執筆時点で材料力学の説明をしてきて基本的なことは、だいたい終わった。
材料力学の重要性は、今までの説明でもちょっとしつこくらい述べてきたつもりだ。
機械設計に必ず必要な材料力学の基本が終えたところで超大切な技術者倫理感について過去の大きな失敗から紹介したいと思う。
なぜ、機械設計講座の最初にこの技術者倫理を紹介しなかった理由は、材料力学の知識を身につけてから考えることで具体的に過去の失敗のヤバさ、対策の考え方が理解できると思う。
世界3大失敗+日本での大事故と技術者倫理の基本
機械で有名な世界3大失敗と言われているコメット墜落事故、リバティ船沈没事故、タコマ橋の崩壊を説明していく。
さらにより日本人にとって身近な某自動車会社のリコール隠し事件を紹介したいと思う(会社を隠す必要があるのかわからないけど一応ね)。
いずれの事件でも人が、亡くなっている(幸いタコマ橋だけ人命が失われていない)。
そう、機械設計では、検討を間違えると(特に材料力学の検討)本当に人が死ぬのだ。
筆者の考えは、おそらく多くの方に同意いただけると思うが“何人たりとも他人の生命および財産を傷つけたり、奪ったり、脅かしてはいけない“と思っている。
また道具は、基本的に人の役に立ち、少しでも人々の幸福に貢献するものであって人に危害を加えては、いけないと思っている。
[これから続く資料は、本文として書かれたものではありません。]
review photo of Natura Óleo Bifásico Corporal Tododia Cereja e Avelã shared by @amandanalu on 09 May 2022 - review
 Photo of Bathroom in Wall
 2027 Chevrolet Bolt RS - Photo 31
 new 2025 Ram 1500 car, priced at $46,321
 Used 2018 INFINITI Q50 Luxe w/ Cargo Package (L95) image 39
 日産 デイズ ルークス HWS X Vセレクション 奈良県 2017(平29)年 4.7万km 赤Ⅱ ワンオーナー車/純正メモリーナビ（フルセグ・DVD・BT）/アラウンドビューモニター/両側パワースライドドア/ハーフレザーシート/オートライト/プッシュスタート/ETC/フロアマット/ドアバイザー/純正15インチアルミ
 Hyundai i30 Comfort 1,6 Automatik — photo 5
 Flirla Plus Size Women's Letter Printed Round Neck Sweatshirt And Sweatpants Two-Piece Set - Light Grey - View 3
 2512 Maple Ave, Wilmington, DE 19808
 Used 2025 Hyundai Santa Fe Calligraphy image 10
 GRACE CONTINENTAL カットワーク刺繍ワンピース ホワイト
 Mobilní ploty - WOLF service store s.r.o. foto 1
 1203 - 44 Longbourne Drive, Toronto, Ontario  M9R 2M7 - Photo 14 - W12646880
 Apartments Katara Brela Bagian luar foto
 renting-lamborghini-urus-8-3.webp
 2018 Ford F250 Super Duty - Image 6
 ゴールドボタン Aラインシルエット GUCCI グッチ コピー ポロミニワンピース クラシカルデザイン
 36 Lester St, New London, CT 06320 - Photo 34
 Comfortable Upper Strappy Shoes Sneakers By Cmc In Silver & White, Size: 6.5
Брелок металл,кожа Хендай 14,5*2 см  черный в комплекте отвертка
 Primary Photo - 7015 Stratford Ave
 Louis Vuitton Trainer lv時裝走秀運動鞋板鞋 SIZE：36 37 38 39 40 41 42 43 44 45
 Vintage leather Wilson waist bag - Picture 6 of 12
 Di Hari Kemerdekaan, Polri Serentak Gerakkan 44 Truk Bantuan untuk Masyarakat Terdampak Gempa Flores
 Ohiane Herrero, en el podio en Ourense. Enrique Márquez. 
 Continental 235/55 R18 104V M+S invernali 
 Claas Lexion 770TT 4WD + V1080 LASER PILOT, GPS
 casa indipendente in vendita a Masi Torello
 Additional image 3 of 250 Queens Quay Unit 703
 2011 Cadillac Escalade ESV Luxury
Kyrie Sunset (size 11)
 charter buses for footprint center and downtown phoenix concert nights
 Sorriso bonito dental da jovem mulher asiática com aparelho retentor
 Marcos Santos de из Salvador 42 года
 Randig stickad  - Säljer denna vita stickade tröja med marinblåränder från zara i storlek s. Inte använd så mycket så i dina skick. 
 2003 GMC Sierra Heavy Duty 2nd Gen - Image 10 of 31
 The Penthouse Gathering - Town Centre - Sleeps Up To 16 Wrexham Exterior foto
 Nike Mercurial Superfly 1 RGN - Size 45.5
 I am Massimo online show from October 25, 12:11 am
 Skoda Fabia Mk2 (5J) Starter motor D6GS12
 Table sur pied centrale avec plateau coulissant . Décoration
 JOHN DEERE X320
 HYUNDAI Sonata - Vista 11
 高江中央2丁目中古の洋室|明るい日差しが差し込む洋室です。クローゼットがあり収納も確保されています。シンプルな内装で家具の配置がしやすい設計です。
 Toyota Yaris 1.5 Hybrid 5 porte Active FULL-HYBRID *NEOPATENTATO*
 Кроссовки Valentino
しかしながら、悪意がなくて良かれと思ってやったことでも人に危害を加える場合がある。
最悪、返すことができる財産ならまだしも生命は戻ってこない。
その生命を奪うことに繋がる可能性がある重大な検討事項の一つが材料力学の検討不足だ。
しかしそれでは、人類が進歩しないと思われる方もいると思うが筆者の考えでは、チャレンジャーやパイオニアが(基本的にあってはならないことだが)最悪の事態で命を落とすことがあるかもしれない(主に宇宙関連のパイオニア達など)。
しかしながらそのようなプロの人たちは、危険を十分に認識し説明されていて、場合によってはお金や名誉をもらっていたりして本人が納得している上での事故であれば良くはないがあるかもしれない。
ただ今回、紹介する事件は、いずれも最新技術で安全ですと言われてお金を払ってお客さんとして使っている人が多数、命を落としている。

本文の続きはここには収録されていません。